## Exercise aim
In the entries below, go to the line containing "Chamomile in cartoon" and repeat it along with every later line, exactly.

## Study material
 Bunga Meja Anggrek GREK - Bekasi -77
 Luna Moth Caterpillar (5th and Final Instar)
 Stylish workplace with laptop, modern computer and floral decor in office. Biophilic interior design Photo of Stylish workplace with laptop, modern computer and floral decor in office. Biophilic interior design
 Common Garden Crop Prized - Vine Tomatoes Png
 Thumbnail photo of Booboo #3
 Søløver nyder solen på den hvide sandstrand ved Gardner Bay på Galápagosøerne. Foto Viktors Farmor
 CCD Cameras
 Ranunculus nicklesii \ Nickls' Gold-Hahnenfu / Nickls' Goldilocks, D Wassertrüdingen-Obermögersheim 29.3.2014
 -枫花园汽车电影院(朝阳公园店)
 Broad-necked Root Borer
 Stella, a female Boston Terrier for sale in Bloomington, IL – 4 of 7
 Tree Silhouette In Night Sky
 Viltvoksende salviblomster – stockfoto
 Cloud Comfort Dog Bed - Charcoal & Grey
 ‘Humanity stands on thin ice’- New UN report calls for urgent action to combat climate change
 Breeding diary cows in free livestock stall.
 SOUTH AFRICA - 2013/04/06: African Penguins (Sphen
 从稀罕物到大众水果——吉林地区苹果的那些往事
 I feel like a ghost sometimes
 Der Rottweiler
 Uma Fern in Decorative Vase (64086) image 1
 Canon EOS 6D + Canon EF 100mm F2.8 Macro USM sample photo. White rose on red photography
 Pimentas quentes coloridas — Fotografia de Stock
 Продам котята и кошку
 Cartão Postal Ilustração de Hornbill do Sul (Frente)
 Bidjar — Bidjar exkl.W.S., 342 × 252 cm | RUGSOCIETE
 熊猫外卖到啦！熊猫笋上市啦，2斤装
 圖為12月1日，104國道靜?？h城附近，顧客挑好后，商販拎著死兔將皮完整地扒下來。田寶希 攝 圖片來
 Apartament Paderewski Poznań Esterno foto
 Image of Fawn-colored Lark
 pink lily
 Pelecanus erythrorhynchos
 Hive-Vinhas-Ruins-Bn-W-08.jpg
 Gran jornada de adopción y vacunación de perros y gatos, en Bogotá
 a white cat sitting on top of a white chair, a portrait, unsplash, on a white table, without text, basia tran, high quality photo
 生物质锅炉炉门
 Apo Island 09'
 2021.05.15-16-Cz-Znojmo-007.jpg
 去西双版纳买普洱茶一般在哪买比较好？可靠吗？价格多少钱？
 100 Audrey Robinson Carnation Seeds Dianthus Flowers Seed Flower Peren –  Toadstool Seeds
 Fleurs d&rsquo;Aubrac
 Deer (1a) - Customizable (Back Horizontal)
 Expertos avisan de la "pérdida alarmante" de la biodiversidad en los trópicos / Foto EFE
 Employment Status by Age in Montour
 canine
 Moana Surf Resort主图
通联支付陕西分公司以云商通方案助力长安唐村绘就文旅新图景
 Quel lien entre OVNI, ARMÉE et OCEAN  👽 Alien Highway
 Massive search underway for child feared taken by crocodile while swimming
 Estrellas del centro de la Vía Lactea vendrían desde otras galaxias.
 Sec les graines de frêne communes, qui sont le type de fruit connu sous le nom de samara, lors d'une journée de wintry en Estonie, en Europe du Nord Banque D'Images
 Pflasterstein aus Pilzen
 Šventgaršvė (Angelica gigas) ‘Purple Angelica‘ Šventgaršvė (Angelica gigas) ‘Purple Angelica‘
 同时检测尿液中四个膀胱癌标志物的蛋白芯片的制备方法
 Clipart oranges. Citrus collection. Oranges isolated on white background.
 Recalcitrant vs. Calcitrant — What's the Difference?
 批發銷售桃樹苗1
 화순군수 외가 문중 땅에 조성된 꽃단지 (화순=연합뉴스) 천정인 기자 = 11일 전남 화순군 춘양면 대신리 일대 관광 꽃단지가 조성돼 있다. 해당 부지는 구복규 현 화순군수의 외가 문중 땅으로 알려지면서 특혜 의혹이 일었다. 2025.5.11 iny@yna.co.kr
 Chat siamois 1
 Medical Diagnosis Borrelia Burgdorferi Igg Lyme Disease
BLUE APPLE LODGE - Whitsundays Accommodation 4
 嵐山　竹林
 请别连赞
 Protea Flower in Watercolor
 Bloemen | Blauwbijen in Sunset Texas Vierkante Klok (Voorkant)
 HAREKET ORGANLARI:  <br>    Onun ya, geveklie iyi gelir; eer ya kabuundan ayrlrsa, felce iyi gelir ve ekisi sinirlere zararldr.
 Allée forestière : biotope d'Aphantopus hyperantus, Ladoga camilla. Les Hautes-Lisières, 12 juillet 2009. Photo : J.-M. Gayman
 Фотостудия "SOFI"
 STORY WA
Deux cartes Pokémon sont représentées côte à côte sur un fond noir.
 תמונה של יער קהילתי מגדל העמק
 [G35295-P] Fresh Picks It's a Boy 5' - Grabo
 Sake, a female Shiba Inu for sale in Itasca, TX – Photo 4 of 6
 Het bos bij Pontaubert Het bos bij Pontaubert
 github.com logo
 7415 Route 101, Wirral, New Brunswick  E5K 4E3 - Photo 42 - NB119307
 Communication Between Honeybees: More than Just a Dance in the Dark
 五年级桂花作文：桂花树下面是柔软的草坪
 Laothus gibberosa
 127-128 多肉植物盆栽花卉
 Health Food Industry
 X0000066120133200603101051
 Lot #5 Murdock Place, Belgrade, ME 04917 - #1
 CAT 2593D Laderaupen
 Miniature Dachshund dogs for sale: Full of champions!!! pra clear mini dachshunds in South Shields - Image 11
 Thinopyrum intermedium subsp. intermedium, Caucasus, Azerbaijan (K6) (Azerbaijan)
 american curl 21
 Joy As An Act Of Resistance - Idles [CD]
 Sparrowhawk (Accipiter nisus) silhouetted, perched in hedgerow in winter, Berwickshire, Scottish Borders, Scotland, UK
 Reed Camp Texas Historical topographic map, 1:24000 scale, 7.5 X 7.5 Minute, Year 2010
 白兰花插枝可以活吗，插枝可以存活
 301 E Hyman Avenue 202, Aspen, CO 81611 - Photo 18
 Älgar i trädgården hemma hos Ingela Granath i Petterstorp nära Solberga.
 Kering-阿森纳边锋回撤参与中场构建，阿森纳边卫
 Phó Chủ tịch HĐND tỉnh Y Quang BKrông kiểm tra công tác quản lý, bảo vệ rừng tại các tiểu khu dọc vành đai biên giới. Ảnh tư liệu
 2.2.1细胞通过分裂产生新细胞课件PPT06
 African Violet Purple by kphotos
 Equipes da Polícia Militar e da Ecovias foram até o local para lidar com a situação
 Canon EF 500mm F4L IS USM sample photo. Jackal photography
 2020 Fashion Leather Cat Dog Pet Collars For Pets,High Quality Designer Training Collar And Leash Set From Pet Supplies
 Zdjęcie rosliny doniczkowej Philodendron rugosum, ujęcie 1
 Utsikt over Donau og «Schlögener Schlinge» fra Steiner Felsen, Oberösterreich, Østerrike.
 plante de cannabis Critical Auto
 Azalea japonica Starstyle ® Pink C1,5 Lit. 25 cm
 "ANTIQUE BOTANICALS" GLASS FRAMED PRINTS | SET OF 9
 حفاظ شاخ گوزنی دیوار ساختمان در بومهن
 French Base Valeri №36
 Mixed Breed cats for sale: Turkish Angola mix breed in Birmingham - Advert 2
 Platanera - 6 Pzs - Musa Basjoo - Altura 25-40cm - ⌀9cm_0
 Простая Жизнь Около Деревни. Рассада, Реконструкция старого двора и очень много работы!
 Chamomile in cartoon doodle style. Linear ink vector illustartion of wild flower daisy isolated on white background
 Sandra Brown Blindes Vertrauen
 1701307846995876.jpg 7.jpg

## Output for this task
 Chamomile in cartoon doodle style. Linear ink vector illustartion of wild flower daisy isolated on white background
 Sandra Brown Blindes Vertrauen
 1701307846995876.jpg 7.jpg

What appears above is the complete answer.